Appraisers are intimately familiar with the neighborhoods in which they appraise. They thoroughly understand the value of particular features to the homeowners of that area. Then, the appraiser researches recent transactions in close proximity to the subject and finds properties which are 'comparable' to the home at hand.
In the end, the appraiser reconciles the adjusted sales prices of all the comps and then derives an opinion of what the subject could sell for. At Mallory Appraisals, we are experts in knowing the value of real estate features in Memphis and Shelby County neighborhoods. The sales comparison approach to value is most often awarded the most consideration when an appraisal is for a real estate exchange or refinance.

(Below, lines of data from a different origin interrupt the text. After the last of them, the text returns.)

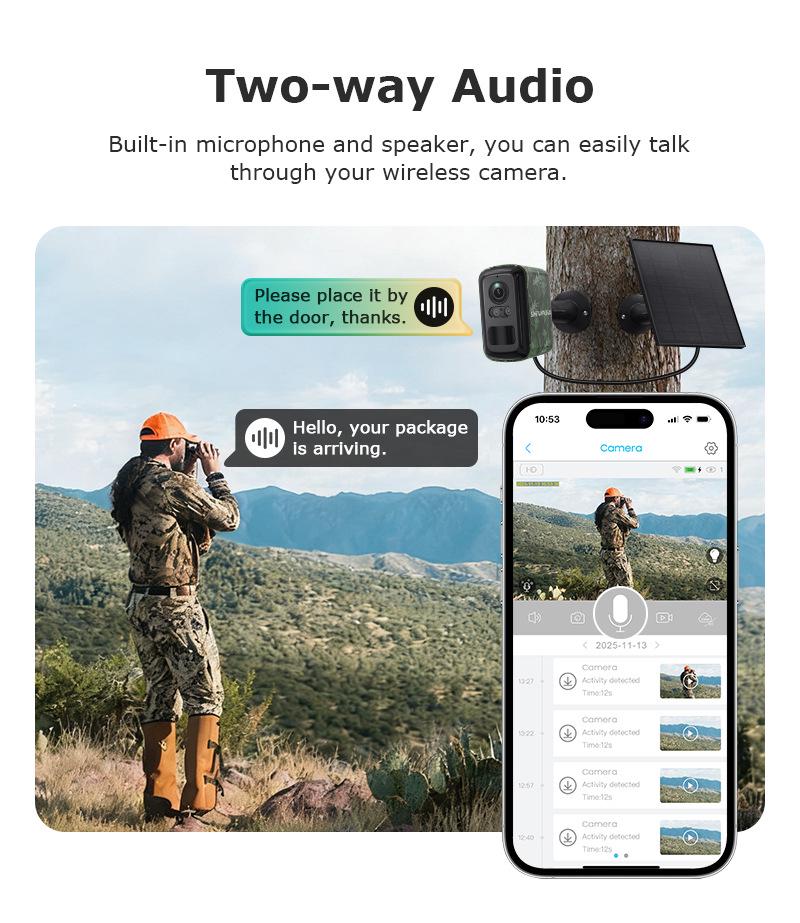 4G Wireless HD Outdoor Camera: Low-Power, Full-Color Night Vision, Camouflage Design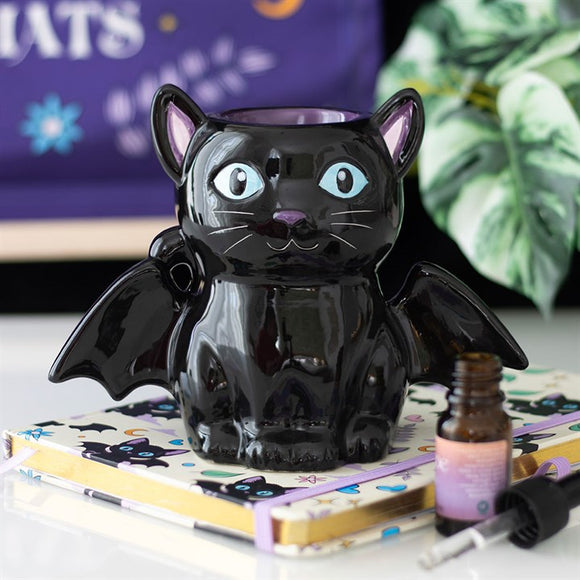 Cute and Creepy Bat Cat Oil Burner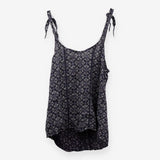 Navy Green Geometric Ornamental Print Strappy Top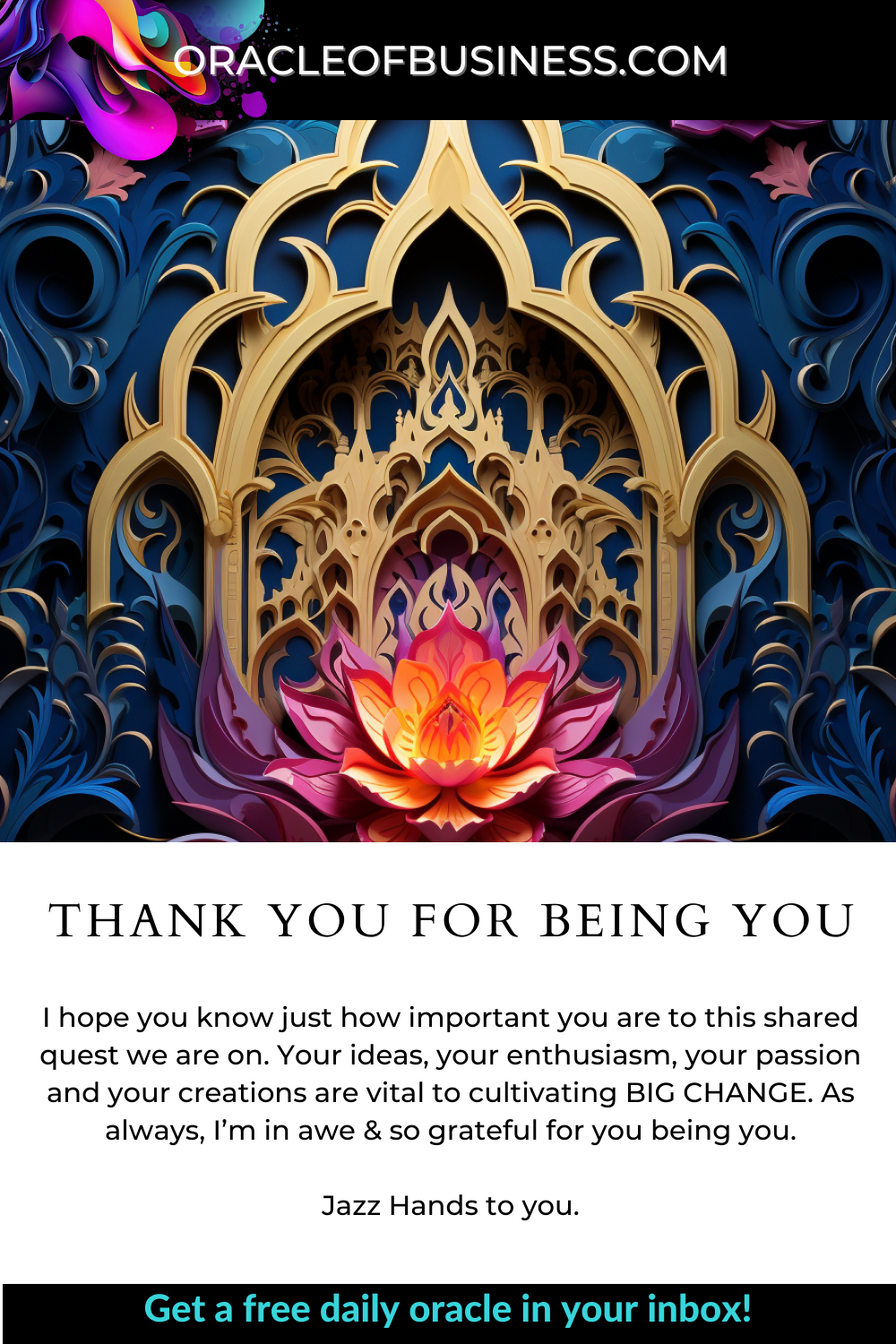 Oracle of Business: Business Advice for Small Business Owners A thank you card for being you. Oracle of Business: Business Advice for Small Business Owners A thank you card for being you.
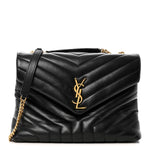 Calfskin Y Quilted Monogram Medium Loulou Chain Satchel Black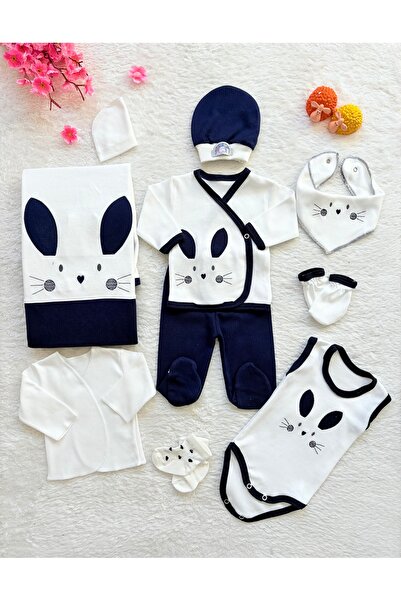 CONCON Lacivert Kedicik desenli 10’lu yenidoğan hastane çıkışı bebek seti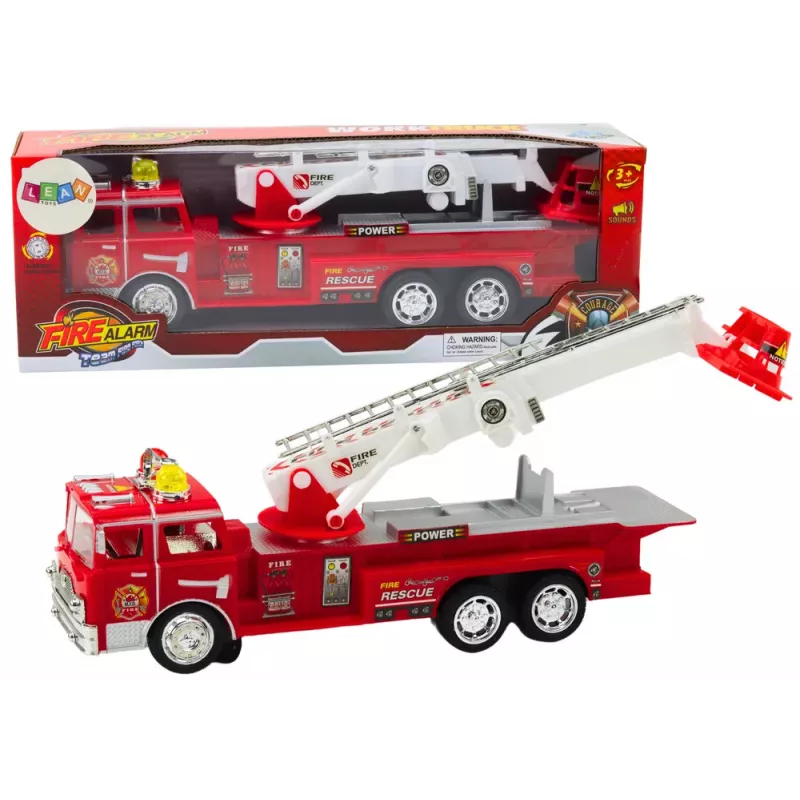 LEAN TOYS Camión de bomberos rojo con pluma luces sonidos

Valuation Using the Income Approach
In the case of income producing properties - rental houses for example - the appraiser may use an additional method of valuing a property. In this case, the amount of income the property generates is taken into consideration along with income produced by neighboring properties to give an indicator of the current value. If there is a lack of available rental data, the appraiser must determine, in their opinion, if this approach is applicable.
Putting It All Together
Combining information from all approaches, the appraiser is then ready to document an estimated market value for the property at hand. The estimate of value at the bottom of the appraisal report is not necessarily what's being paid for the property. There are always mitigating factors such as the seller's desire to get out of the property, urgency or 'bidding wars' that may adjust the final price up or down. Regardless, the appraised value is often employed as a guideline for lenders who don't want to loan a buyer more money than the property is actually worth. The bottom line is, an appraiser from Mallory Appraisals will help you attain the most accurate property value, so you can make profitable real estate decisions.